This panel examines the remarkable range of Tibetan receptions of the Buddhist law of causation, Interdependent Arising (pratītyasamutpāda; Tib. rten ‘brel, “dendrel”). While this classic Indic Buddhist model of how things emerge describes a process by which living beings are caught in a cycle of ignorance, in Tibet it became a dynamic of flourishing. The first paper will look at a switch in emphasis in the Tibetan philosophical examination of dendrel. The second paper will explore how good interdependence can be created, rather than passively received. The third paper examines the deep appreciation of dendrel in terms of the way that thef land itself acts as an agent of education. The fourth paper explores dendrel in certain Indian Buddhist doctrinal texts and then modified in Tibetan astrology and divination. The final paper will draw on New Materialisms and multispecies ethnographers to lend new language to characterize Tibetan ways of dendrel.
This paper explores the connections between dependent arising (rten ‘brel) and ignorance (ma rig pa), particularly in the work of the 15th century philosopher Je Tsongkhapa. Three distinct philosophical claims are often made about dependent arising and ignorance: (1) dependent arising is a framework for explaining the connection between ignorance and suffering, (2) dependent arising is an object of ignorance, and (3) dependent arising is a remedy for ignorance. I will draw on the work of Tsongkhapa, particularly in his “In Praise of Dependent Arising” and The Great Treatise on the Stages of the Path to Enlightenment, to work out how these three claims about dependent arising and ignorance hang together. I conclude with some reflections on the deceiving simplicity of dependent arising: why is dependent arising so predictably ignored even as it is so seemingly obvious?
The ways of recognizing, witnessing, and celebrating moments of dendrel in Tibetan everyday life can be understood as a process of Land education, which entails active engagement with the natural world and being deeply informed by systems of intergenerational place-based relationships and knowledge. The natural or the more- than-human world, including animals, plants, stars, and rainbows, participates in delivering the signs of dendrel, while Indigenous knowledge teaches us the ways to attend to and understand such moments of tendrel alignment. In this paper, I explore examples of everyday Tibetan practices (songs and ceremonies) of dendrel to argue how such ways make for a process of critical Indigenous education. This can refocus Tibetan attention to their Land and traditions as active and dynamic encounters with the living world. I understand such ways of observing dendrel and living by its logics as contributing to educational freedom and community empowerment.

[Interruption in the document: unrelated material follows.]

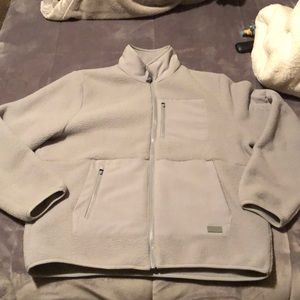FIGS grey fleece jacket.
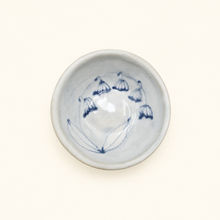 White ceramic bowl with blue decorative elements on a white background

The hyper-individualism and ecocidal anthropocentrism that have characterized dominant strains of modernity are rapidly becoming failed epistemologies according to a broad swath of contemporary academic disciplines. New Materialists, multispecies ethnographers, and others inspired by “the ontological turn” in anthropology have coined new vocabularies to articulate their insights into interdependence, featuring words like symbiosis, assemblage, kinship, relatedness, entanglement, co-presence, and more. For all the critical and creative dynamism of these varied inquiries into interdependence, few Euro-American critical theorists seem to realize the overlap of their ideas with elements of Buddhist philosophy, most notably dependent origination (Skt. pratītyasamutpāda; Tib. tendrelརྟེན་འབྲེལ།). This paper proposes that we rectify that omission by inviting the full range of meanings of tendrel into the English language in hopes that we can reconsider human freedom as interdependent, generated through the tendrel of auspicious connections between the human and more-than-human facets of our world.

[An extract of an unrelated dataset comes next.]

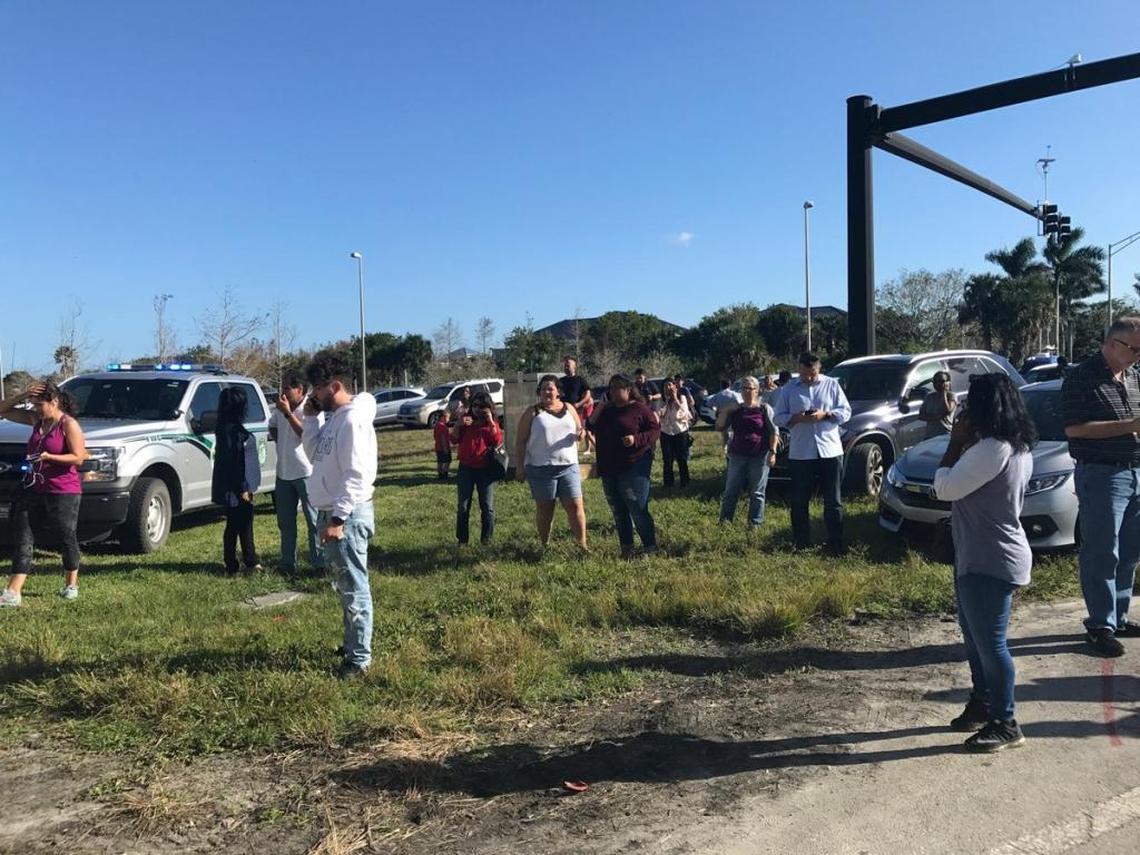 Parents are standing about a mile from Marjory Stoneman Douglas High as they try to calm their children by phone.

This paper illustrates the concept of dendrel (rten ‘brel) in Tibetan ecological thought, broadly construed. It will focus on the role of dendrel in native astrology and geomancy. I will argue that dendrel is understood as a bridge between objects and consciousness, and facilitates mind-matter mutual influence and transformation. The paper also explores how a sense of dendrel is deliberately cultivated for worldly purposes by applying a “substance” said to be derived from the “secret bodies” of holy mountains and rivers. Finally, I investigate instances where human consciousness seems to change physical objects or nature itself, particularly through the dendrel-connected Buddhist concepts of “the force of merit” and “waves of blessing”. I draw on both Indian Buddhist writings and their adaptation in Tibetan folk texts on astrology and geomancy.
This paper will show how the key skill for good dendrel to confer freedom is the capacity to spot moments and circumstances where auspicious factors are beginning to converge, and can be encouraged to converge further. In order for an auspicious dendrel to come together, one needs to cultivate a creative and in many ways artistic skill first of all to recognize that auspicious ingredients are available, and then to act to nudge them to “click” (sgrig) together. A classic example in Tibetan society would be the offering of a pure white scarf (kha btags) at the exact right moment. This paper will explore a few cases of this phenomenon, ranging from philosophical accounts of “pure dendrel,” an innovative category in Tibetan Buddhism, to narratives where dendrel is essential in order for an elevated revelation to occur, to personal experiences and conversations on a recent visit to the Tibetan plateau.